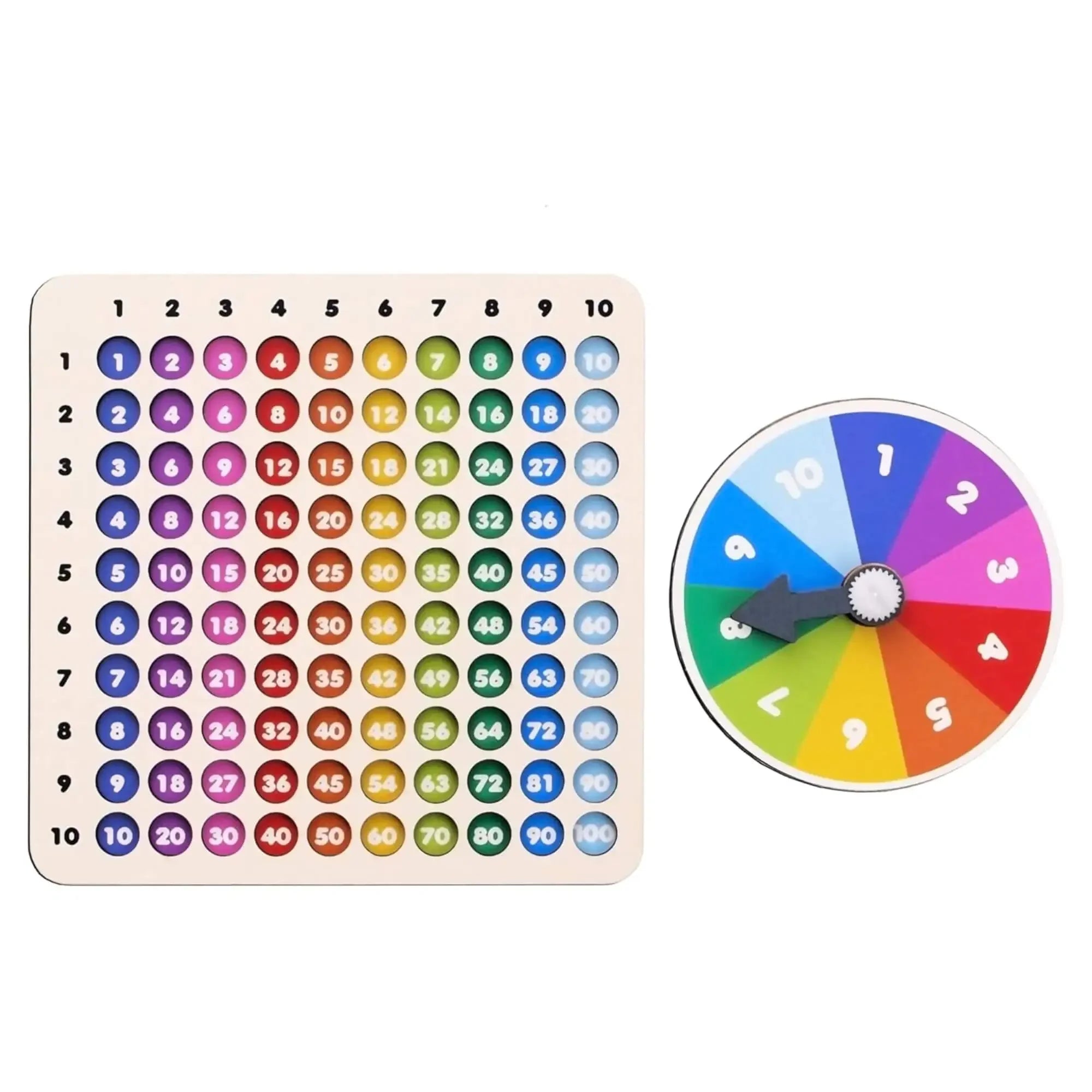 Jogo Educativo Tabuada do 1 ao 10 – Coleção Joguinhos de Bolsa Babebi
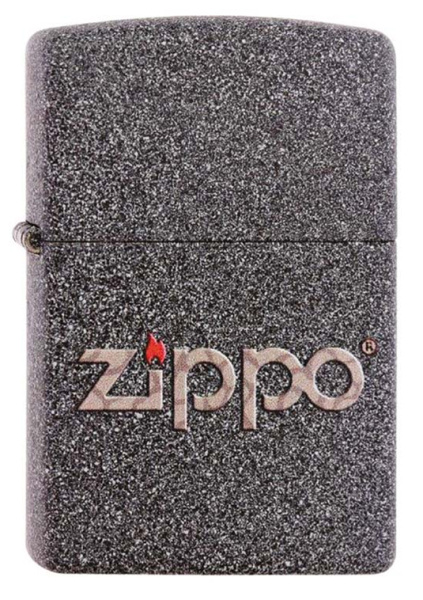Зажигалка ZIPPO Snakeskin Logo с покрытием Iron Stone™ 211 SNAKESKIN ZIPPO LOGO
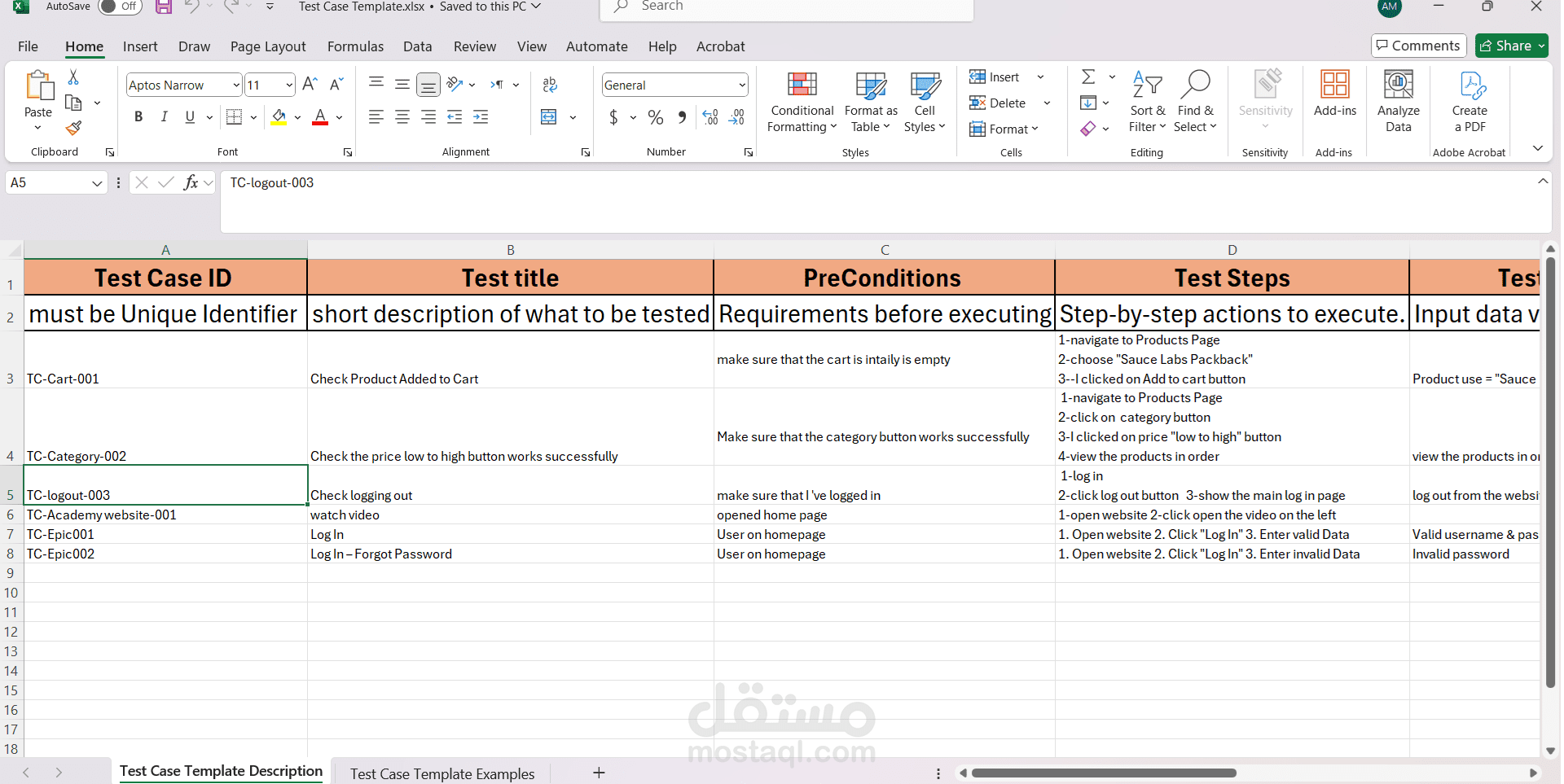 Manual Testing for a Website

| Assigned task |
Pictures aside, reproduce all of the material above without alteration.

| Answer area |
 Jogo Educativo Tabuada do 1 ao 10 – Coleção Joguinhos de Bolsa Babebi
Зажигалка ZIPPO Snakeskin Logo с покрытием Iron Stone™ 211 SNAKESKIN ZIPPO LOGO
 Manual Testing for a Website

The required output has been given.